I researched online (dial-up modem-based internet . . .) and found some information on “freezer cooking.” I read through some other cooks’ methods, checked out a “OAMC” Cookbook (Once-A-Month-Cooking), from the public library and I set to it. I did a bulk shopping day and then a marathon cooking day where I prepped ground beef for use on taco night, a big batch of meatballs, a couple pans of lasagna, and some plain ground beef with onions to top a store-bought pizza crust. It all ended up in my deep freeze ready for the first two weeks of school.

That year was so nice. At the end of a long day of helping students organize notebooks for the year, learning names and playing get-to-know-you games, figuring out which student just couldn’t sit by which other student, teaching classroom routines and expectations like where to turn in papers and what the tardy and late-work policies for the building were….knowing that I had supper prepped and ready to heat up when I got home was sooo nice. I even took a quick nap after school one day and still had hot supper on the table for my family. I swore that EVERY year, from then on, I would do at least one freezer cooking session in the summer to start the school year off.
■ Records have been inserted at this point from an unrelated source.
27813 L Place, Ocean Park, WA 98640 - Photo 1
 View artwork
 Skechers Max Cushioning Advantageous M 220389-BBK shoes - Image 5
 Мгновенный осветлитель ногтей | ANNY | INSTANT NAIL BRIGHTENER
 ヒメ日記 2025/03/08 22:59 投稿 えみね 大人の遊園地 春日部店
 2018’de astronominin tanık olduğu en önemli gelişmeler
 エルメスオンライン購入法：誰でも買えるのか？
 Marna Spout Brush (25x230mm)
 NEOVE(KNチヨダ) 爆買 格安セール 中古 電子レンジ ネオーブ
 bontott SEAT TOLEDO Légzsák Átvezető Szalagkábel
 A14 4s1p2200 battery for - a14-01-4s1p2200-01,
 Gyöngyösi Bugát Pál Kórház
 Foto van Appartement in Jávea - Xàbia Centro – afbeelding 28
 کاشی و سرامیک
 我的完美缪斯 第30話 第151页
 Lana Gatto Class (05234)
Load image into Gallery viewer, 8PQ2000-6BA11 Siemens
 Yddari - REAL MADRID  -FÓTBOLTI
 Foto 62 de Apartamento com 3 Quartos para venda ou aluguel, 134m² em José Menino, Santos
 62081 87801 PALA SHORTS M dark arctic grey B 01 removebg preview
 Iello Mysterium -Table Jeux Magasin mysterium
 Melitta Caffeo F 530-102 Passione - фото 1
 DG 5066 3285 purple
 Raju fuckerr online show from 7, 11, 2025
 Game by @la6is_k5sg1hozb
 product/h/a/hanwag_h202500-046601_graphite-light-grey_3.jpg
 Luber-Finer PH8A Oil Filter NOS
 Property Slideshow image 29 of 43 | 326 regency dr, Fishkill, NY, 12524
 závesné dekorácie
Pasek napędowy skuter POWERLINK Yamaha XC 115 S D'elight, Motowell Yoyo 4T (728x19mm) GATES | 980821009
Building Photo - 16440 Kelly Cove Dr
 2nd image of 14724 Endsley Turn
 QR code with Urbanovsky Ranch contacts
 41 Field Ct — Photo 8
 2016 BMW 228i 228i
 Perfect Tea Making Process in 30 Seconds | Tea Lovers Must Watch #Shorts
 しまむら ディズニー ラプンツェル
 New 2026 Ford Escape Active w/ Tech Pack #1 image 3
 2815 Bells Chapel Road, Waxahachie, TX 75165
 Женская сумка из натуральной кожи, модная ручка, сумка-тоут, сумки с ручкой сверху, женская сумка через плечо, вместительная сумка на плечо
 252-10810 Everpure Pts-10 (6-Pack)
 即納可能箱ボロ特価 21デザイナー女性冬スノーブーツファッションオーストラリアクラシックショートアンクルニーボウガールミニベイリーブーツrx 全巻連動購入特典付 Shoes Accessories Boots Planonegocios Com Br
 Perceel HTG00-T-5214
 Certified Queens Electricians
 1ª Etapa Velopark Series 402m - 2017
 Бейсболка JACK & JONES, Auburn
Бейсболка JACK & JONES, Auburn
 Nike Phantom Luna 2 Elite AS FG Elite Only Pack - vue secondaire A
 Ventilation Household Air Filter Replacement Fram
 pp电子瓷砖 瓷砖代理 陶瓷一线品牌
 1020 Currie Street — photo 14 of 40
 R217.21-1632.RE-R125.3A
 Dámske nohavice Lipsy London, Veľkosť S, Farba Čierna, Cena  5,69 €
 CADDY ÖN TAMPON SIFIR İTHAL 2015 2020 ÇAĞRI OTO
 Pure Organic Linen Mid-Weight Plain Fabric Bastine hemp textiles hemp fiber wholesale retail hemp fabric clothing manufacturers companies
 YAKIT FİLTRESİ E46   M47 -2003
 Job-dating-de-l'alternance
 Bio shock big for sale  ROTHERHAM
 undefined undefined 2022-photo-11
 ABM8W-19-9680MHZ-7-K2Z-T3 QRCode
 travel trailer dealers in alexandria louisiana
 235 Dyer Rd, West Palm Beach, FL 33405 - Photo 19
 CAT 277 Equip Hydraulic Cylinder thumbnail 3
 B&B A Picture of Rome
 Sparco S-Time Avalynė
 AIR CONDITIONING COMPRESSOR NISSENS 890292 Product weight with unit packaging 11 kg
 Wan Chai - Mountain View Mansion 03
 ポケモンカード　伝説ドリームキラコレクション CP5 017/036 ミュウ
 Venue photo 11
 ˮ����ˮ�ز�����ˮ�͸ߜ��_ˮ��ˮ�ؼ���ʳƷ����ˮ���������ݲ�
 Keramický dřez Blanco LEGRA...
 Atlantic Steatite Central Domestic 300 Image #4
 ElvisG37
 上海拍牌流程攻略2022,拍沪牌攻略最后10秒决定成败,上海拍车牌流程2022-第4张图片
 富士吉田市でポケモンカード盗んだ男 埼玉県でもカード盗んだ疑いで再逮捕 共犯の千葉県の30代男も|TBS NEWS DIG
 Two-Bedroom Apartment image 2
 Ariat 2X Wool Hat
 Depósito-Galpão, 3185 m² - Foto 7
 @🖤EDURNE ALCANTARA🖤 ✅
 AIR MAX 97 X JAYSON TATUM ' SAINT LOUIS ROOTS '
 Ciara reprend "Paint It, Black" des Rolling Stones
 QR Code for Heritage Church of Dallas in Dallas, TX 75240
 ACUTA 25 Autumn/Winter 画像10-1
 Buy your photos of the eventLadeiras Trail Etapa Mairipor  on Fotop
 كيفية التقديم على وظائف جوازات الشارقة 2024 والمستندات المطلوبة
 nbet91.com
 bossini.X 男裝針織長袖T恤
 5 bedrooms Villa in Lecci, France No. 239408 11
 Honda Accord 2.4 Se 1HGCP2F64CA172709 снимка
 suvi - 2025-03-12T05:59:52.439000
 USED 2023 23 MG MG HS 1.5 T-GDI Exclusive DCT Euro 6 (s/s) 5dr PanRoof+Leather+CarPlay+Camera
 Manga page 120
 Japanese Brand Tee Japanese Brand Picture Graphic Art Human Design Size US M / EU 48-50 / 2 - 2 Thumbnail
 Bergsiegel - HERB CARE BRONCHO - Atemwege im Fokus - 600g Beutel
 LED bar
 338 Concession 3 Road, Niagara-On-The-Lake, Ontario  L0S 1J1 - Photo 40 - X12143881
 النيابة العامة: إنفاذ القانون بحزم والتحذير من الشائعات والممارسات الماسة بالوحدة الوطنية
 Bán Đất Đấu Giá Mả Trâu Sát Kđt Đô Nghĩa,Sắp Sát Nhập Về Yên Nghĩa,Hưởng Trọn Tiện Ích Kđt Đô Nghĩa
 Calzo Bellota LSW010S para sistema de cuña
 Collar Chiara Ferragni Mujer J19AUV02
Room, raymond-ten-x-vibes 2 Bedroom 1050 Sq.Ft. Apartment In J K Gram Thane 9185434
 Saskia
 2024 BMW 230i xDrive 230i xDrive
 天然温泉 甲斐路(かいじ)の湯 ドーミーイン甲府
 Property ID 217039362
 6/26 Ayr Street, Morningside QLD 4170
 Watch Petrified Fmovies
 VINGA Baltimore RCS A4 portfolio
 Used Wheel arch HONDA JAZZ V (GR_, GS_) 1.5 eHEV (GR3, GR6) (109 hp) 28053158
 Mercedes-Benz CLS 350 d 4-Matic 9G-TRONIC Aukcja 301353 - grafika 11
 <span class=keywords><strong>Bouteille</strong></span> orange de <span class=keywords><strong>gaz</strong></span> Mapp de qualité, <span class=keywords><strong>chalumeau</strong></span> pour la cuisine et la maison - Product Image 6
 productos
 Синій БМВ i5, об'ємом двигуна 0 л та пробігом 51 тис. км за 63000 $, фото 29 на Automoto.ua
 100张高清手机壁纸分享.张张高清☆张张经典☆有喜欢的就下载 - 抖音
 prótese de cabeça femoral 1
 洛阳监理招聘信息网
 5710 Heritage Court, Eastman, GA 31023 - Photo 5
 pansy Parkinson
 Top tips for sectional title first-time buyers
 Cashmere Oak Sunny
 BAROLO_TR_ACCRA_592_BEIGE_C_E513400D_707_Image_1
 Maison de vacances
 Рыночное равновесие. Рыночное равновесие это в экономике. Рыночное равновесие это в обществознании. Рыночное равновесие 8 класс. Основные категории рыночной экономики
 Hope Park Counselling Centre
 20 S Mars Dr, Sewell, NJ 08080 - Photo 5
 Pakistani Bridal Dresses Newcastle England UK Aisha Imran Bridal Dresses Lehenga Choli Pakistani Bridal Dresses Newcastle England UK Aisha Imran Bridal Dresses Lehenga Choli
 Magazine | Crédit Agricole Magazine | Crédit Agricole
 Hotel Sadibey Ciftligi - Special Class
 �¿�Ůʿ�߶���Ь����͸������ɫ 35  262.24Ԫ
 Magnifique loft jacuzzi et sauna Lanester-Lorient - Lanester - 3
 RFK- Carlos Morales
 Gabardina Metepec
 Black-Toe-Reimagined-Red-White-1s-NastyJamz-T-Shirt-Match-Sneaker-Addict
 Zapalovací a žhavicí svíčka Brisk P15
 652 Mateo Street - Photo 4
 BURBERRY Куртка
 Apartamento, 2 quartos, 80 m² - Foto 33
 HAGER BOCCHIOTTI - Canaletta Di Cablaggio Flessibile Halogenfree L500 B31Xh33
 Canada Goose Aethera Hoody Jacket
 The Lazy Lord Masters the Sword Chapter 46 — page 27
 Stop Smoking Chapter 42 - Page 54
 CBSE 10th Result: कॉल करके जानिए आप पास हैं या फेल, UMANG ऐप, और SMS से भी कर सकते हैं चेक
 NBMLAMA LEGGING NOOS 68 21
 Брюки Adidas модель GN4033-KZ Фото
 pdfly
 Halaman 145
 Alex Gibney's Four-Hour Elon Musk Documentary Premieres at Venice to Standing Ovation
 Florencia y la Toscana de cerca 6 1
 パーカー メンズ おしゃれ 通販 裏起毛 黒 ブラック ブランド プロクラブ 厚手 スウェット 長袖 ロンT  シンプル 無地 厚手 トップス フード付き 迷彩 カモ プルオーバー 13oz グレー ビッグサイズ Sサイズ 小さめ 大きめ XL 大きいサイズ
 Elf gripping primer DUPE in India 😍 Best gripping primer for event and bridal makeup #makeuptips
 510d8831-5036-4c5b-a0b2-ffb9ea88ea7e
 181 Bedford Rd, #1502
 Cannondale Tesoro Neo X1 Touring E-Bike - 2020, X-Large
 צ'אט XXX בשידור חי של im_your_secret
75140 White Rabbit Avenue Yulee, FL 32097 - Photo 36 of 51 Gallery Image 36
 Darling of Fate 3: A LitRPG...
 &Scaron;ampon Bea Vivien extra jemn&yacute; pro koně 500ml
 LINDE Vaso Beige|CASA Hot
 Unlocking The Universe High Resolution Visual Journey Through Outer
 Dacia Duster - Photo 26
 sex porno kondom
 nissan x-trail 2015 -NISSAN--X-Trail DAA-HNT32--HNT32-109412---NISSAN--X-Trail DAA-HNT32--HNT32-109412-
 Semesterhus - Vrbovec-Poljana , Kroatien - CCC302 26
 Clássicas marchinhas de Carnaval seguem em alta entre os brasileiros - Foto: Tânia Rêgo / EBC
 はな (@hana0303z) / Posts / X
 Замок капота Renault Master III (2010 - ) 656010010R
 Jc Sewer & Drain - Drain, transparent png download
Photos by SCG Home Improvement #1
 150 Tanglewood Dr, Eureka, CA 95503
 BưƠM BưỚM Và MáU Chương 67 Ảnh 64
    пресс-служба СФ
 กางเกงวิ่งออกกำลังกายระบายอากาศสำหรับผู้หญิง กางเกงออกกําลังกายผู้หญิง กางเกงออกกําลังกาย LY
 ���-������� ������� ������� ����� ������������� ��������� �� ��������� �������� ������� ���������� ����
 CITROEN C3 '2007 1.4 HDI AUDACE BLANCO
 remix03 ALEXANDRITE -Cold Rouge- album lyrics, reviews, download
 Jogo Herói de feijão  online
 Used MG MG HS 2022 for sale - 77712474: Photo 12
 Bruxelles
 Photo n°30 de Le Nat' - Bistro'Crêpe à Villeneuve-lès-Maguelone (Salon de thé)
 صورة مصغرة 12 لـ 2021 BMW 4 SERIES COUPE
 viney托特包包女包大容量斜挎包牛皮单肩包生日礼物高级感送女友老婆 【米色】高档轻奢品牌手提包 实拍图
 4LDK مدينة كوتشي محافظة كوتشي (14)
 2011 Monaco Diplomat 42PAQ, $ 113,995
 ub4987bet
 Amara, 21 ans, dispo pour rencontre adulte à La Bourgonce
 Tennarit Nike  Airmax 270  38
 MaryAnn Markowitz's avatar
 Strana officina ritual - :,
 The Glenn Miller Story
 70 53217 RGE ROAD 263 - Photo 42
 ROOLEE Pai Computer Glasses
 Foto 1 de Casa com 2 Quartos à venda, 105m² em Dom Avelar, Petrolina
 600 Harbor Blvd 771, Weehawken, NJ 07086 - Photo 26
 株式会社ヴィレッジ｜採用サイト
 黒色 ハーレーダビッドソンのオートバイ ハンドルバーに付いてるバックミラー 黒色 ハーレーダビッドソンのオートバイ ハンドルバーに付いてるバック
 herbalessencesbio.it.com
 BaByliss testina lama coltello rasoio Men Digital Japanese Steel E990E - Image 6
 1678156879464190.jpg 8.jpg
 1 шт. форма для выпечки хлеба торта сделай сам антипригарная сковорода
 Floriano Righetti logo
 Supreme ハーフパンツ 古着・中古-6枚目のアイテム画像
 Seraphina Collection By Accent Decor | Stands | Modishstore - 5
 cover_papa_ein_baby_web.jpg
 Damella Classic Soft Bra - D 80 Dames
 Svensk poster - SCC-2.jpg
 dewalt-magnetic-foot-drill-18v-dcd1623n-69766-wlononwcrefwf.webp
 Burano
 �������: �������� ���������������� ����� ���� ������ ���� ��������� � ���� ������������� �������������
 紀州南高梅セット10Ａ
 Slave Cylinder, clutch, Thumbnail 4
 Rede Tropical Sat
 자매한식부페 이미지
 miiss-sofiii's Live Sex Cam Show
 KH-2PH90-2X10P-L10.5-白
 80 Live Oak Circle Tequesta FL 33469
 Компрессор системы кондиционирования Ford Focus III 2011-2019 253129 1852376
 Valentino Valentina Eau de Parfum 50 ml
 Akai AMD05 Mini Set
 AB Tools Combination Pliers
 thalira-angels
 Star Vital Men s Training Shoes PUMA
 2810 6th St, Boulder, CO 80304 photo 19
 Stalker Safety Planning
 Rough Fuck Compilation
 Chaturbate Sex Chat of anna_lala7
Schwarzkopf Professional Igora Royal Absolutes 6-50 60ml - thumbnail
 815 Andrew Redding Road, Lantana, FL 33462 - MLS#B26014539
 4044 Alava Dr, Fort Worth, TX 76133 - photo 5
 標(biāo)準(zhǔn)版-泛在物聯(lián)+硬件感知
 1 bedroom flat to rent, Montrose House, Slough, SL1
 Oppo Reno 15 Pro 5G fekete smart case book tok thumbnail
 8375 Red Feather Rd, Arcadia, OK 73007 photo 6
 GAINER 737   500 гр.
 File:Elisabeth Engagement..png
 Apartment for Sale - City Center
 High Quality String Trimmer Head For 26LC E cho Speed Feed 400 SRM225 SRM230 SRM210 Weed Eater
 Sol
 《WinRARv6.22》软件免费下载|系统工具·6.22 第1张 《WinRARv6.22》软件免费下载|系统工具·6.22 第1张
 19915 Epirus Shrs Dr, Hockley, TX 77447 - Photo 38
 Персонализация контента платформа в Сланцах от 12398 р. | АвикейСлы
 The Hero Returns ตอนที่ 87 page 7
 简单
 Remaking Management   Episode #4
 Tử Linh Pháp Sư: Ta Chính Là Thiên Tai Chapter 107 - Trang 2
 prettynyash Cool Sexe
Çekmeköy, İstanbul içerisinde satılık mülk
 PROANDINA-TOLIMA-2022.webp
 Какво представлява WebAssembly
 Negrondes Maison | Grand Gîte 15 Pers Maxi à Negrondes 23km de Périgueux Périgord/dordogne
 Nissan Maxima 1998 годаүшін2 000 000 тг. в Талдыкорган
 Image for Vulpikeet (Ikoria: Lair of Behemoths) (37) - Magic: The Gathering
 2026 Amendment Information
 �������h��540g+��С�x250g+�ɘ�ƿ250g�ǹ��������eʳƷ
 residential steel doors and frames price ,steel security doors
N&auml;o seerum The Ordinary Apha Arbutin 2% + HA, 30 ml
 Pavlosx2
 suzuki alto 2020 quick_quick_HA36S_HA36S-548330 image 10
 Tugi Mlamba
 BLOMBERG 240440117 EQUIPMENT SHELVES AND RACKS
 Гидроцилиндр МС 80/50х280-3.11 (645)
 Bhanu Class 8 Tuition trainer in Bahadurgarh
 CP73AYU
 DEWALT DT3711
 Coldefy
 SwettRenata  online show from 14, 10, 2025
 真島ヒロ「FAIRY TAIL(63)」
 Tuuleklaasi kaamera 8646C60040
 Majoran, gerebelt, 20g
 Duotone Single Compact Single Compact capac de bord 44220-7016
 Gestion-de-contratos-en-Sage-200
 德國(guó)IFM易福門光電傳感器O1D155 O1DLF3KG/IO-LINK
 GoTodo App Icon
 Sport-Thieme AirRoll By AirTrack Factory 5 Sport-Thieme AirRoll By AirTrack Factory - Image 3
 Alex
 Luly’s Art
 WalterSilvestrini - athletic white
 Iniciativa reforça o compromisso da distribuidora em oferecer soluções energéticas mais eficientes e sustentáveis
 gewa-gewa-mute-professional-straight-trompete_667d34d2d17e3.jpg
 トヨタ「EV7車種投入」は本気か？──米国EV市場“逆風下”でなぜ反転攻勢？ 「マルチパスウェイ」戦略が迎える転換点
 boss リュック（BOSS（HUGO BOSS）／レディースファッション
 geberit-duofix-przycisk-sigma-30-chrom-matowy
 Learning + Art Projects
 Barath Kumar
So, my first time-finding tip in this series is to explore on your own the concept of freezer cooking. Use keywords like once a month cooking, once a week cooking, meal prepping, and of course freezer cooking.

Pinterest will have some ideas:

#freezercooking on Twitter and Instagram will yield some results, too! Ask your Facebook friends for their favorite freezer-friendly recipes or if any of them want to get together to do a shared-cooking day!!

Then on each of the nights when you have dinner pulled out of the freezer . . . “find time for tech” by spending the 30 minutes or so that you would have used to prep supper to explore a tech tool or topic.